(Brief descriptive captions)
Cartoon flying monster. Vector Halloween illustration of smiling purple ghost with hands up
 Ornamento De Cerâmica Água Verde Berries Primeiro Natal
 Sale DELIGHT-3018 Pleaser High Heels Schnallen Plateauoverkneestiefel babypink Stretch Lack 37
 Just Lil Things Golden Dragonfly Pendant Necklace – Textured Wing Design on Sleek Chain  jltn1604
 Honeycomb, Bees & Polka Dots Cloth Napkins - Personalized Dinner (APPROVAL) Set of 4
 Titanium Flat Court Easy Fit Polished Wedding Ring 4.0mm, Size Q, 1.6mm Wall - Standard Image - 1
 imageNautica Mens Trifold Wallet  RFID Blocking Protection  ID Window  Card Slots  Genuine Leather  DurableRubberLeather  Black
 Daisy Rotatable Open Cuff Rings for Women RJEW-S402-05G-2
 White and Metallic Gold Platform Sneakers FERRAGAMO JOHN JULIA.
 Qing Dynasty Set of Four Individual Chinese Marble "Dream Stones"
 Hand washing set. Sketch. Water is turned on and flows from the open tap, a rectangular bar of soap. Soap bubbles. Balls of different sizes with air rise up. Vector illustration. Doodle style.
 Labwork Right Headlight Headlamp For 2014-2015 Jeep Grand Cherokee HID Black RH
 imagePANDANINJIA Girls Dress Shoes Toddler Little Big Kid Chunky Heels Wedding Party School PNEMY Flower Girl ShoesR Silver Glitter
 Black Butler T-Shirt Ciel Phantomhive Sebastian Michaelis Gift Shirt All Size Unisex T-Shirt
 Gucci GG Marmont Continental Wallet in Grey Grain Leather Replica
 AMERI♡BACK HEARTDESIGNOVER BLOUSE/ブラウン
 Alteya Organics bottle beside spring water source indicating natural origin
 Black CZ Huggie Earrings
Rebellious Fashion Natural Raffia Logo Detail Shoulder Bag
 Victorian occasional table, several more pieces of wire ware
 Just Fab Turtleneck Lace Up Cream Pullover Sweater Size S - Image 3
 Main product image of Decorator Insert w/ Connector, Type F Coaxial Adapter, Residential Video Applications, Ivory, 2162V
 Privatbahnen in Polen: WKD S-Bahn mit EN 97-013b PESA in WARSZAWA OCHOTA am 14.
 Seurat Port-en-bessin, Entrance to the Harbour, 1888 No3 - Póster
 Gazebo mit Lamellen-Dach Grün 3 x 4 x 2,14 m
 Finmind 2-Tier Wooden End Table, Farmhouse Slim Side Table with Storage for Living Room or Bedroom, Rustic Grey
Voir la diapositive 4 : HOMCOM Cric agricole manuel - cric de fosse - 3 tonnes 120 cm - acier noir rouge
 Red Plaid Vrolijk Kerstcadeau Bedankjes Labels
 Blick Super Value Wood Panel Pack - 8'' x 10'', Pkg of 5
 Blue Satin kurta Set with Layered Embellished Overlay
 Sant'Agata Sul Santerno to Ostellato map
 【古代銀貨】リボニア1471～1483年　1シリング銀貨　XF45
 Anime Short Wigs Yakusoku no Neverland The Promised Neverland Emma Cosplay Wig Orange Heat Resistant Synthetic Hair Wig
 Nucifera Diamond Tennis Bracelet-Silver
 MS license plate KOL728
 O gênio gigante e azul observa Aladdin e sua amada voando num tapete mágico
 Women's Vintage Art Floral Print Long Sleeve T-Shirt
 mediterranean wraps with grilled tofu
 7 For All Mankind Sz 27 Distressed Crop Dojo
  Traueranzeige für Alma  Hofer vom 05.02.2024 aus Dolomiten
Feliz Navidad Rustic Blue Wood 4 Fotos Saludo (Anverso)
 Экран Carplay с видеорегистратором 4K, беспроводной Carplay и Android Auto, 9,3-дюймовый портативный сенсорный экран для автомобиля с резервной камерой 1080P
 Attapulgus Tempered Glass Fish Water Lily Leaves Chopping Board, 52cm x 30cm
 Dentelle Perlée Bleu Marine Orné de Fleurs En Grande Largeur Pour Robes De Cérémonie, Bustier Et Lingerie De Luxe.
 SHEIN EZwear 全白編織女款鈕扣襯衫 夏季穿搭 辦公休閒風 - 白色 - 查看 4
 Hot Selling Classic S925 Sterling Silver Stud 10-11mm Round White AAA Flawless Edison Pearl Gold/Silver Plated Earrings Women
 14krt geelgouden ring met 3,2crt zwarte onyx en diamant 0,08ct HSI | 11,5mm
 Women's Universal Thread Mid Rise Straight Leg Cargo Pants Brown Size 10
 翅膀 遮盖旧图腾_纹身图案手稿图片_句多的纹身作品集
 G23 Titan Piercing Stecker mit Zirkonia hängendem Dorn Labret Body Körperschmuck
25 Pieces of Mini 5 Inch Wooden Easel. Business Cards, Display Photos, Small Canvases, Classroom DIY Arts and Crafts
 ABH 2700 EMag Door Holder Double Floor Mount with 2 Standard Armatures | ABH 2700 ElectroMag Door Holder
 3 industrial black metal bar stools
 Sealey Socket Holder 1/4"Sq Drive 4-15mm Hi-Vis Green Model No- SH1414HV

• _Problem to solve_:
Return exactly what appears above, from the first line of the entries to the line with "Honeycomb, Bees &", inclusive.

• _Reply to the task_:
Cartoon flying monster. Vector Halloween illustration of smiling purple ghost with hands up
 Ornamento De Cerâmica Água Verde Berries Primeiro Natal
 Sale DELIGHT-3018 Pleaser High Heels Schnallen Plateauoverkneestiefel babypink Stretch Lack 37
 Just Lil Things Golden Dragonfly Pendant Necklace – Textured Wing Design on Sleek Chain  jltn1604
 Honeycomb, Bees & Polka Dots Cloth Napkins - Personalized Dinner (APPROVAL) Set of 4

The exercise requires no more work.